Maria was the eldest daughter of the author Decembrist Arkady Alekseevich Stolypin, and his wife, Vera Nikolaevna Mordvinova, born in Saint Petersburg and baptised on 22 October 1819, with her older brother as sponsor. The Stolypins had three daughters, and four sons, one of them, Alexei (1816-1858) was a close friend to Lermontov since childhood and served with him in the Russian Imperial Guard's Hussar regiment.

Maria was six years old when her father died unexpectedly on 7 May 1825. To support the family, Kondraty Ryleyev dedicated a poem to the young widow. Vera Nikolaevna was left with seven children aged between 9 years old and 8 months old. In the winter, they lived in Saint Petersburg and they summered at Nikolay Mordvinov's dacha near Peterhof. It was there in August 1832, that Maria first met her cousin Lermontov, then 18, who had just arrived from Moscow with his grandmother Elizaveta Alekseevna Arsenyeva.

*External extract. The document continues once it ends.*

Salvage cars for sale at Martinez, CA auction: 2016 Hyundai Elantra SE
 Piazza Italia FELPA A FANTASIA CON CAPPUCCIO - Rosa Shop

Maria was fourteen years old when her mother died. Her aunt, Nadezhda Nikolaevna Mordvinova (1789-1882) recalled:"Sister Vera Nikolaevna fell ill with nervous fever, and after a two week illness we lost her on 4 January 1834. The death of my dear sister struck my mother. This loss was sad for all of us; Mother's only consolation was raising my sister's orphans with her. They all moved in with us."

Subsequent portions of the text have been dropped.